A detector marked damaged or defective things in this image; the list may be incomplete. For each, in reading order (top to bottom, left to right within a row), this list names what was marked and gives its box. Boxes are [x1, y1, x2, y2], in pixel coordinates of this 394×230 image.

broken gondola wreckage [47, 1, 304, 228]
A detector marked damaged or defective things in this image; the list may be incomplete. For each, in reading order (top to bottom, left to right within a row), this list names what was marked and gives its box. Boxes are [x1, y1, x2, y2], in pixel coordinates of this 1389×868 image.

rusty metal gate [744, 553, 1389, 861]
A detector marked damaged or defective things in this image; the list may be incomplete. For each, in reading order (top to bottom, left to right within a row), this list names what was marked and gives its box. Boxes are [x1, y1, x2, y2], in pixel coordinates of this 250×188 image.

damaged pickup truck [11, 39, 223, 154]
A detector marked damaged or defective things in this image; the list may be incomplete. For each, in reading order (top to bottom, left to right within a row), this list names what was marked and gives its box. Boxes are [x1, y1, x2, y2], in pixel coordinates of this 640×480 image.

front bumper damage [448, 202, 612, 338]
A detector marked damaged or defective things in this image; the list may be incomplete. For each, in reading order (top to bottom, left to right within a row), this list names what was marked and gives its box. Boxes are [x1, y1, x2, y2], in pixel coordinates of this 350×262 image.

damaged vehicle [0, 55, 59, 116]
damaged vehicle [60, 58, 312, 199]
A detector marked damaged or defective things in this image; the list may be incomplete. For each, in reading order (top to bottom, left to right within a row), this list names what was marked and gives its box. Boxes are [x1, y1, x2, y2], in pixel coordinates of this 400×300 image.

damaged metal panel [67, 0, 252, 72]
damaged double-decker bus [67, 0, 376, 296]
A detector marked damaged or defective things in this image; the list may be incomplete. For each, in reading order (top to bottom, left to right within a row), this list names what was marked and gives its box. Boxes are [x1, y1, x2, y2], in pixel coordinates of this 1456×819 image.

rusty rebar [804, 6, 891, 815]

Problem to solve
Take the lines above from the one holding "this 400×300 image." to the last and output them exactly.

Response to this exercise
A detector marked damaged or defective things in this image; the list may be incomplete. For each, in reading order (top to bottom, left to right within a row), this list names what was marked and gives its box. Boxes are [x1, y1, x2, y2], in pixel coordinates of this 400×300 image.

damaged metal panel [67, 0, 252, 72]
damaged double-decker bus [67, 0, 376, 296]
A detector marked damaged or defective things in this image; the list may be incomplete. For each, in reading order (top to bottom, left to right within a row), this list names what was marked and gives its box. Boxes are [x1, y1, x2, y2], in pixel coordinates of this 1456×819 image.

rusty rebar [804, 6, 891, 815]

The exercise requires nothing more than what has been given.